The county’s Board of Supervisor voted 4-1 Wednesday in support of a resolution setting the election for Nov. 4 and putting a 10-year limit on the tax, if it’s approved.
Now it will be up to Johnson County voters to decide whether they want to increase the sales tax to 7 percent from the current 6 percent, bringing up to $20 million a year more to local governments.
Iowa City called for the vote, which it has the power to do because of its population. But the supervisors had the discretion to set the number of years the tax would be collected, known as the sunset.
Ten years is what Iowa City called for, and if a majority of voters cast ballots in favor of the tax, it would be in effect from July 1, 2015, through June 2025.
Towns and the county get to decide what their portions of the tax revenue would be used on. The ballot language for each community also is now finalized, and those can be found on the Johnson County Auditor’s website.
If a 1 percent local-option sales tax had been in place for the entire county in fiscal year 2013, about $18.8 million would have been collected, with Iowa City getting the largest share, according to the Iowa Department of Revenue.
Communities plan to use the tax revenue for everything from property tax relief to road repairs to any lawful purpose.
Iowa City, Coralville, North Liberty, University Heights and Tiffin will vote as one unit because they share borders. The unincorporated county and the other small towns vote individually.
The tax has frayed relations between local officials. Some Coralville leaders have said the distribution formula doesn’t adequately compensate the city for its retail prowess.
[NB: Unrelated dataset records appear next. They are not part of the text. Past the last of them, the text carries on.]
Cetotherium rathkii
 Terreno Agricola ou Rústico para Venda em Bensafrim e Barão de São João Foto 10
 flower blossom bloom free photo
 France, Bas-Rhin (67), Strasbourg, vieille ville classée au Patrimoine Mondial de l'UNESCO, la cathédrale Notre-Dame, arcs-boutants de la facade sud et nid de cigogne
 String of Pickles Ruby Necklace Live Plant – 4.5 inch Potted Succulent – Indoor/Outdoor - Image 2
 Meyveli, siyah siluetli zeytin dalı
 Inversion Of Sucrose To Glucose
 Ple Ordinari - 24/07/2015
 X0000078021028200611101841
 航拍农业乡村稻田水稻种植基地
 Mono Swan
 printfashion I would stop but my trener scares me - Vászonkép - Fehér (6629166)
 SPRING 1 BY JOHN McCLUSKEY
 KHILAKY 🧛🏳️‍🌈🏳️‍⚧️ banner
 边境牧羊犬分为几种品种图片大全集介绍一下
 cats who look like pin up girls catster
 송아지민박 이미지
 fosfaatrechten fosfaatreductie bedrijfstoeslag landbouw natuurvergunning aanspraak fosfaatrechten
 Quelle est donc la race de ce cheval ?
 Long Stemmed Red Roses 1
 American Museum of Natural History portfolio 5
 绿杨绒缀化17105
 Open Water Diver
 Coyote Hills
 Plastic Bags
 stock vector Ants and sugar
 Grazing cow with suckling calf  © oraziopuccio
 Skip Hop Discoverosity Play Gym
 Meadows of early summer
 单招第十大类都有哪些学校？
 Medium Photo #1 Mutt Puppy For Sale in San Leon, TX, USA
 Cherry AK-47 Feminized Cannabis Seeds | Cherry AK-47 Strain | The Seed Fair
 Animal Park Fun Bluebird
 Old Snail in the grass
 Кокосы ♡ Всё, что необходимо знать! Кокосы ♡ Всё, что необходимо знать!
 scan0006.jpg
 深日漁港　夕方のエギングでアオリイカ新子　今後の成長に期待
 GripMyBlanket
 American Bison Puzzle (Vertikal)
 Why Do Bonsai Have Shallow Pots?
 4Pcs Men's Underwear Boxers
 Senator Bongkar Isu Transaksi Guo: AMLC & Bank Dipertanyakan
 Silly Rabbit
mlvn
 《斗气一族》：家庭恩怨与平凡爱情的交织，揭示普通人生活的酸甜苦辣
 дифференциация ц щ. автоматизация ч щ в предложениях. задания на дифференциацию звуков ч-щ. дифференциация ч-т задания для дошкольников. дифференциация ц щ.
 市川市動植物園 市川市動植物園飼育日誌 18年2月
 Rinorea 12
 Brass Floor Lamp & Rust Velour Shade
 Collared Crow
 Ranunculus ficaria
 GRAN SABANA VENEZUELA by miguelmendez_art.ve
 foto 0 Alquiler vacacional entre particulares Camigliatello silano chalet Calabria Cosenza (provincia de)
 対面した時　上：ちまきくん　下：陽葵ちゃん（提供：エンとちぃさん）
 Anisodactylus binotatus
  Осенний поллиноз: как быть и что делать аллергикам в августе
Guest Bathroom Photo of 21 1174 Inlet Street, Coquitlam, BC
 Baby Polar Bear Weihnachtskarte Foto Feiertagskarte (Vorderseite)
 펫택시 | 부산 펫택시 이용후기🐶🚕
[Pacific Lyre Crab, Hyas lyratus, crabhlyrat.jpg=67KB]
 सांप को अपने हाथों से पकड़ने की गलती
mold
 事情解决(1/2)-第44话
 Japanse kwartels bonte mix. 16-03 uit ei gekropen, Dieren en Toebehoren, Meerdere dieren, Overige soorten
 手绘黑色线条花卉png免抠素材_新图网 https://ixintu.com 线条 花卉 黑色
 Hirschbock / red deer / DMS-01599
Coralville and North Liberty officials harshly criticized a supervisors’ proposal, later rescinded, that would have shortened the length of the tax in communities that didn’t contribute to a courthouse project. And the supervisors responded in kind and also have accused Iowa City of a lack of communication.
Even Wednesday, none of the five supervisors spoke too favorably of the tax. Supervisor Janelle Rettig cast the dissenting vote on the election resolution, saying sales taxes hurt lower-income people the most.
Supervisor Rod Sullivan said he agreed with Rettig but felt Iowa City should get their wish for a 10-year sunset.
“I am opposed to the sales tax, and I’m going to vote against the sales tax, but I think the 10-years’ piece should be the city’s call,” he said.
He joined Rettig in voting against the county’s plan to use 90 percent of the sales tax revenue on roads and bridges and 10 percent on the courthouse and court needs. It passed 3-2.